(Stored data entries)

Start of Block

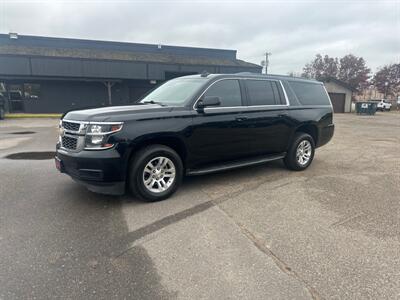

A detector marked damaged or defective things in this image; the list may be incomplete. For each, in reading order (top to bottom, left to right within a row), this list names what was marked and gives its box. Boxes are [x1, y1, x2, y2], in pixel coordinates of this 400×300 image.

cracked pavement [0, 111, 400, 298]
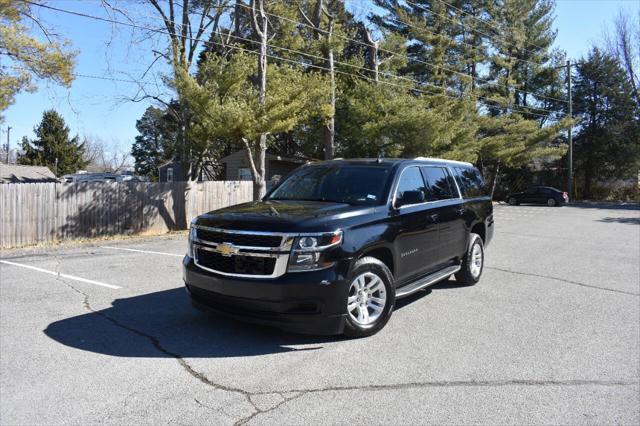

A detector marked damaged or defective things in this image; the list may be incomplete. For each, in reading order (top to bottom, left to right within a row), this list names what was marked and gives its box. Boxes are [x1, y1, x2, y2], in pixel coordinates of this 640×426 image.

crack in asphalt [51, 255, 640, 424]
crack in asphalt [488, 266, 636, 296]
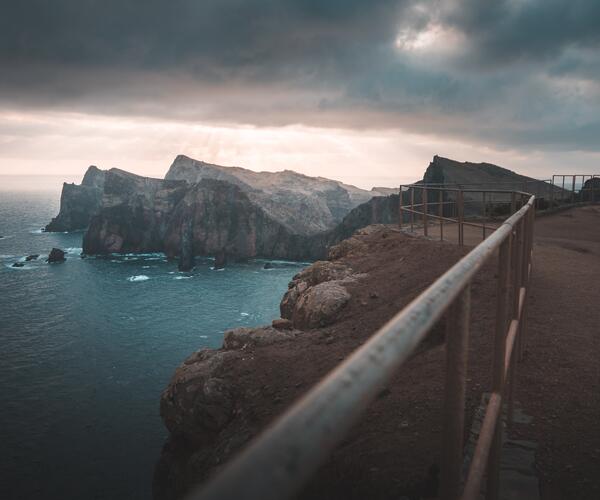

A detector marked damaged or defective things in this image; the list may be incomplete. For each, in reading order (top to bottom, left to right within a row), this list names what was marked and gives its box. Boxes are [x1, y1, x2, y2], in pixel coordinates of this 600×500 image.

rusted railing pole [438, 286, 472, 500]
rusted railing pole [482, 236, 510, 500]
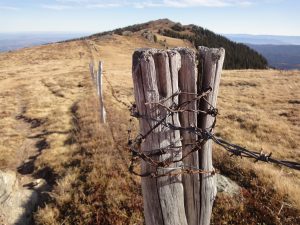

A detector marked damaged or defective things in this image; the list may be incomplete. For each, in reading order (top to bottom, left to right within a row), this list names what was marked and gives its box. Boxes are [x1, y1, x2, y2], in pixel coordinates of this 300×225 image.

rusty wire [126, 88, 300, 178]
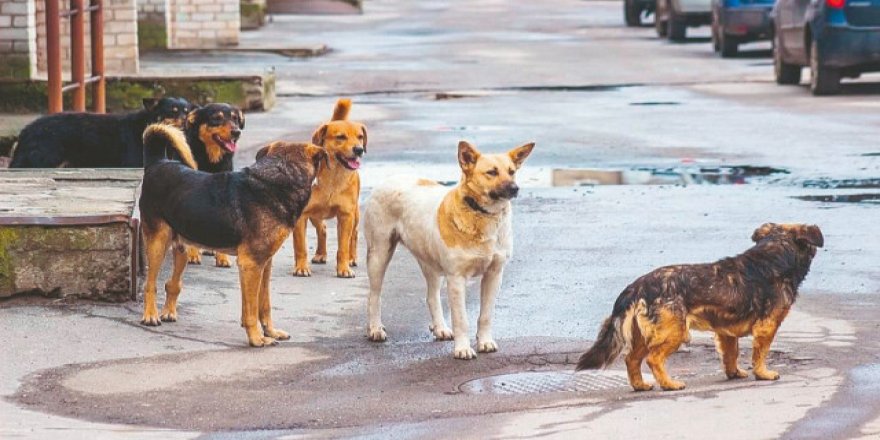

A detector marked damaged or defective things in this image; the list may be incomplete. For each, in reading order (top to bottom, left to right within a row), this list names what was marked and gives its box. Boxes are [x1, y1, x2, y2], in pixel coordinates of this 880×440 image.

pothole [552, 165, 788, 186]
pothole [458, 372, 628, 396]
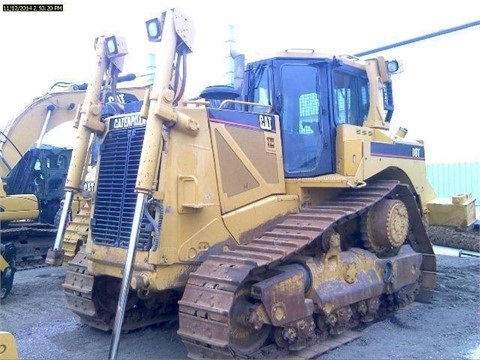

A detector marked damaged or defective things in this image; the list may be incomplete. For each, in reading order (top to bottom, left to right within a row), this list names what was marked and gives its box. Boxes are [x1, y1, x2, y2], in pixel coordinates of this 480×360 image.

End of Block

• _The problem_: Start at the line holding "this 600×500 image." and stop at the last line of the entries above. Repeat those lines exactly, pictures excluded.

• _Solution to this exercise_:
A detector marked damaged or defective things in this image; the list may be incomplete. For each, in reading order (top to bottom, left to right within a row), this list names what was marked and gives its box. Boxes are [x1, y1, x2, y2], in pixel coordinates of this 600×500 image.

rusted railing pole [438, 286, 472, 500]
rusted railing pole [482, 236, 510, 500]

A detector marked damaged or defective things in this image; the list may be incomplete. For each, in reading order (top to bottom, left to right within a row), this list names what was marked and gives its box. Boxes are [x1, y1, x2, y2], in pixel coordinates of this 300×225 image.

rusty wire [126, 88, 300, 178]

A detector marked damaged or defective things in this image; the list may be incomplete. For each, in reading order (top to bottom, left to right within a row), this list names what was marked and gives its box. Boxes are [x1, y1, x2, y2], in pixel coordinates of this 880×440 image.

pothole [552, 165, 788, 186]
pothole [458, 372, 628, 396]

A detector marked damaged or defective things in this image; the list may be incomplete. For each, in reading order (top to bottom, left to right within a row), this list names what was marked and gives its box. Boxes are [x1, y1, x2, y2], in pixel coordinates of this 480×360 image.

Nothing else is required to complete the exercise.